Ma le quotazioni sono state calmierate dalla grande quantità di prodotto: trattati 25 quintali di pesce. Record per gli scampi di prima scelta: 73 euro al chilo
GIULIANOVA. Nell’asta prenatalizia del mercato ittico prezzi alti, ma non altissimi, e una grande quantità di prodotto. La tradizionale cena della vigilia di Natale, strettamente a base di pesce, è dunque pronta per essere consumata sulle tavole dei teramani. Le quotazioni sono state abbastanza alte, ma poteva andare peggio in considerazione del periodo. Infatti, grazie alle buone condizioni meteo-marine, i pescherecci hanno potuto estendere in ordine di tempo la loro attività e condurre in porto una quantità di prodotto molto significativa. Giovedì ben nove imprese di pesca hanno preso il largo e tutte armate a strascico. Il direttore del mercato ittico, Gino Gervasini, così commenta: «Tutto si è svolto nel migliore dei modi, i miei collaboratori hanno lavorato alla grande e i commercianti, estremamente collaborativi, hanno consentito di imprimere una certa fluidità alle contrattazioni. Stiamo chiudendo il 2021 con piena soddisfazione. Abbiamo registrato una sorpresa con la cattura di un calamaro di circa tre chili che non vedevamo da anni».

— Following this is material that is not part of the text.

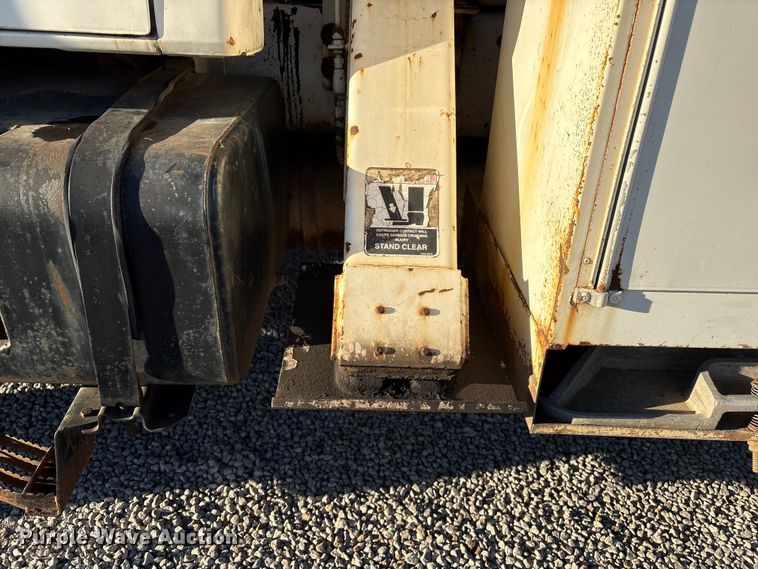 image for item ET4102 1994 Ford F700 bucket truck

Nella seduta mercatale di ieri mattina sono state trattate ben 788 casse di pesce per un totale di circa 25 quintali di prodotto, frutto del lavoro in mare dei pescherecci Sparviero, Vichingo, Marlin, Faro, Capo Horn, Rossella, Claudia e Evelina Madre. Questi i prezzi finali fissati dall’asta, cui hanno partecipato ben 27 acquirenti provenienti da diverse cittadine della provincia di Teramo: scampo di prima scelta 73 euro al chilo, mazzancolla 33 euro, calamaro 30 euro, rana pescatrice 25 euro, rombo chiodato, seppia e cicala di mare 22 euro, sogliola 20 euro, sogliola di taglia inferiore 18 euro, gambero rosa 15 euro, polpo di scoglio 14 euro, totano 12 euro, triglia di fango, frittura e merluzzi 6 euro.

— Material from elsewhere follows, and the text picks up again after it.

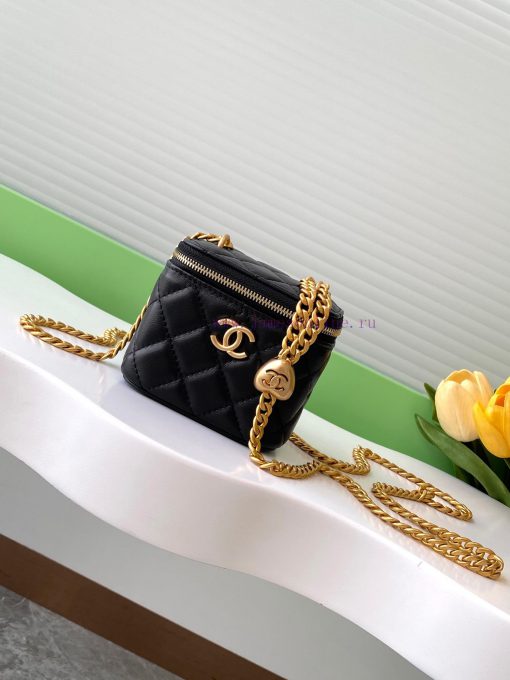Chanel Bag The 24k box bag features the most beautiful heart-shaped adjustable buckle and ad 05o8hp0p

L’assessore alle partecipate Paolo Giorgini afferma: «Per l’amministrazione comunale il mercato ittico rappresenta un’istituzione strategica. Del resto, che senso avrebbe un porto peschereccio senza un mercato? Stiamo per emanare il bando europeo per affidarne la gestione a un soggetto terzo. Sicuramente ci sarà una proroga tecnica di un mese alla Giulianova Patrimonio per la quale abbiamo appena avuto la comunicazione da parte di Cassa depositi e prestiti dell’approvazione del mutuo di 1.250.000 euro destinato al trasferimento di proprietà di piazza Dalla Chiesa al Comune».